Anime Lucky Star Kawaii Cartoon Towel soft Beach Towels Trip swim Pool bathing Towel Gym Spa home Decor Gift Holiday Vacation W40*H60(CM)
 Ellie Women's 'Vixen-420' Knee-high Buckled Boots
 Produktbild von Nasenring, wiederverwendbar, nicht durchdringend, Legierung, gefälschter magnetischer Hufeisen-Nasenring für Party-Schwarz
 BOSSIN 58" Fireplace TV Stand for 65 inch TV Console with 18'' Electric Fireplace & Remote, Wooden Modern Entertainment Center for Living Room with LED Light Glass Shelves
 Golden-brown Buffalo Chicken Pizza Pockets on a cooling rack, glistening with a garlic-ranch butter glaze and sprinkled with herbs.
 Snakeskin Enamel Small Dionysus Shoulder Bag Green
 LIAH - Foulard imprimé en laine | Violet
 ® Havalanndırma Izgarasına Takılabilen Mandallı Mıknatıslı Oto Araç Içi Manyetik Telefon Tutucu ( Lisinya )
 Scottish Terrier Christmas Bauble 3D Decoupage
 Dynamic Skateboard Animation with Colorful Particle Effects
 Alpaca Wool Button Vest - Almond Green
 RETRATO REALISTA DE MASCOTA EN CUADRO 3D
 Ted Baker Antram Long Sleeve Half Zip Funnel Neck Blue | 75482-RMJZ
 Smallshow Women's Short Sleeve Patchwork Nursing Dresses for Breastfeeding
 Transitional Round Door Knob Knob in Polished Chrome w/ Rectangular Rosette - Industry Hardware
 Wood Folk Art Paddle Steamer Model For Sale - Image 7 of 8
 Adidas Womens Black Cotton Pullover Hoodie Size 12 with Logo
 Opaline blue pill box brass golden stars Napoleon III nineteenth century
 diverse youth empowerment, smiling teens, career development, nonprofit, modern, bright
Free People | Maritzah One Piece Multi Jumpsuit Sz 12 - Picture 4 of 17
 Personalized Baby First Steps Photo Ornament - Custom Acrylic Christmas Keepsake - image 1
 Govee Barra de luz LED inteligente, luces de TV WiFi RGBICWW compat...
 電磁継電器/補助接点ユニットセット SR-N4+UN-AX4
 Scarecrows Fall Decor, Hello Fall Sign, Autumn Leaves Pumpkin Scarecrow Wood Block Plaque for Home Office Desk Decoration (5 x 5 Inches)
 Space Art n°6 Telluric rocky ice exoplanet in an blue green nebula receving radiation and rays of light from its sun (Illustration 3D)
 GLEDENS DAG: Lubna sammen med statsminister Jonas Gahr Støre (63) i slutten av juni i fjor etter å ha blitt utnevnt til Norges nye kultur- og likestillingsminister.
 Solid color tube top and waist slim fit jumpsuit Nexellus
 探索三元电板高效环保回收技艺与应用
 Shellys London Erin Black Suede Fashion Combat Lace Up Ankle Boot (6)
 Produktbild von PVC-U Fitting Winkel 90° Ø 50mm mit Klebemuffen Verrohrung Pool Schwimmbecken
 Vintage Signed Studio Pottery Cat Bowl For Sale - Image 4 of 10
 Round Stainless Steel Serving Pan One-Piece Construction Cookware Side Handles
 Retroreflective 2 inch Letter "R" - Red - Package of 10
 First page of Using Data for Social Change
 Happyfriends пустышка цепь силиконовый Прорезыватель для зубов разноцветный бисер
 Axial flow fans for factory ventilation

» YOUR GOAL:
Every record above has to appear again, word for word.

» FINISHED TASK:
Anime Lucky Star Kawaii Cartoon Towel soft Beach Towels Trip swim Pool bathing Towel Gym Spa home Decor Gift Holiday Vacation W40*H60(CM)
 Ellie Women's 'Vixen-420' Knee-high Buckled Boots
 Produktbild von Nasenring, wiederverwendbar, nicht durchdringend, Legierung, gefälschter magnetischer Hufeisen-Nasenring für Party-Schwarz
 BOSSIN 58" Fireplace TV Stand for 65 inch TV Console with 18'' Electric Fireplace & Remote, Wooden Modern Entertainment Center for Living Room with LED Light Glass Shelves
 Golden-brown Buffalo Chicken Pizza Pockets on a cooling rack, glistening with a garlic-ranch butter glaze and sprinkled with herbs.
 Snakeskin Enamel Small Dionysus Shoulder Bag Green
 LIAH - Foulard imprimé en laine | Violet
 ® Havalanndırma Izgarasına Takılabilen Mandallı Mıknatıslı Oto Araç Içi Manyetik Telefon Tutucu ( Lisinya )
 Scottish Terrier Christmas Bauble 3D Decoupage
 Dynamic Skateboard Animation with Colorful Particle Effects
 Alpaca Wool Button Vest - Almond Green
 RETRATO REALISTA DE MASCOTA EN CUADRO 3D
 Ted Baker Antram Long Sleeve Half Zip Funnel Neck Blue | 75482-RMJZ
 Smallshow Women's Short Sleeve Patchwork Nursing Dresses for Breastfeeding
 Transitional Round Door Knob Knob in Polished Chrome w/ Rectangular Rosette - Industry Hardware
 Wood Folk Art Paddle Steamer Model For Sale - Image 7 of 8
 Adidas Womens Black Cotton Pullover Hoodie Size 12 with Logo
 Opaline blue pill box brass golden stars Napoleon III nineteenth century
 diverse youth empowerment, smiling teens, career development, nonprofit, modern, bright
Free People | Maritzah One Piece Multi Jumpsuit Sz 12 - Picture 4 of 17
 Personalized Baby First Steps Photo Ornament - Custom Acrylic Christmas Keepsake - image 1
 Govee Barra de luz LED inteligente, luces de TV WiFi RGBICWW compat...
 電磁継電器/補助接点ユニットセット SR-N4+UN-AX4
 Scarecrows Fall Decor, Hello Fall Sign, Autumn Leaves Pumpkin Scarecrow Wood Block Plaque for Home Office Desk Decoration (5 x 5 Inches)
 Space Art n°6 Telluric rocky ice exoplanet in an blue green nebula receving radiation and rays of light from its sun (Illustration 3D)
 GLEDENS DAG: Lubna sammen med statsminister Jonas Gahr Støre (63) i slutten av juni i fjor etter å ha blitt utnevnt til Norges nye kultur- og likestillingsminister.
 Solid color tube top and waist slim fit jumpsuit Nexellus
 探索三元电板高效环保回收技艺与应用
 Shellys London Erin Black Suede Fashion Combat Lace Up Ankle Boot (6)
 Produktbild von PVC-U Fitting Winkel 90° Ø 50mm mit Klebemuffen Verrohrung Pool Schwimmbecken
 Vintage Signed Studio Pottery Cat Bowl For Sale - Image 4 of 10
 Round Stainless Steel Serving Pan One-Piece Construction Cookware Side Handles
 Retroreflective 2 inch Letter "R" - Red - Package of 10
 First page of Using Data for Social Change
 Happyfriends пустышка цепь силиконовый Прорезыватель для зубов разноцветный бисер
 Axial flow fans for factory ventilation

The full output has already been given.